**Data excerpt**:
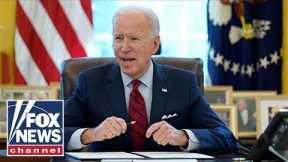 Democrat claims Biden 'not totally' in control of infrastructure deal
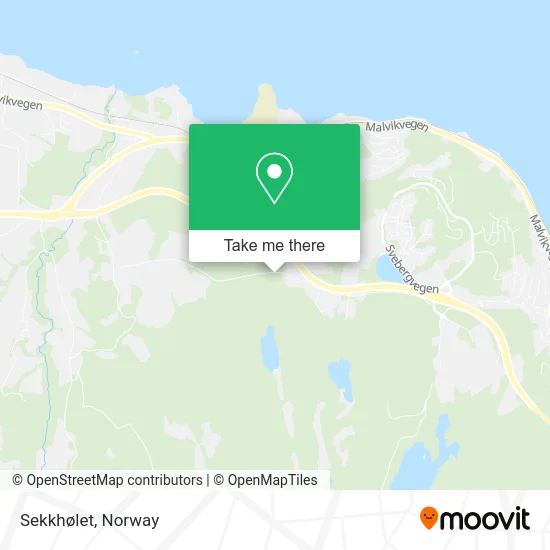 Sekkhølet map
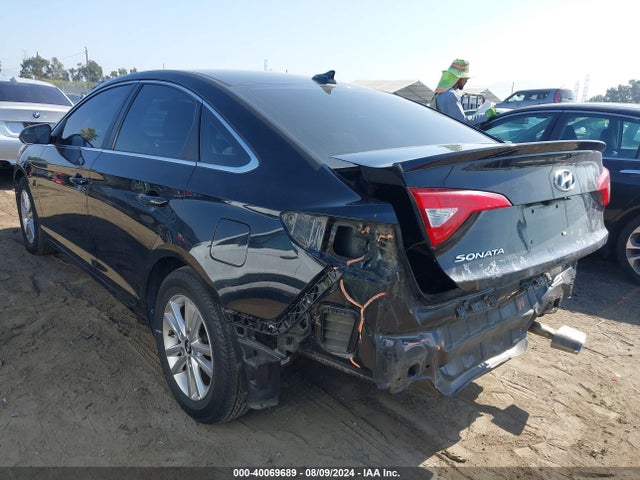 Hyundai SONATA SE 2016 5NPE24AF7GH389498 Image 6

**Your assignment**: Give back the whole listing exactly, without pictures.

**Exercise response**:
 Democrat claims Biden 'not totally' in control of infrastructure deal
 Sekkhølet map
 Hyundai SONATA SE 2016 5NPE24AF7GH389498 Image 6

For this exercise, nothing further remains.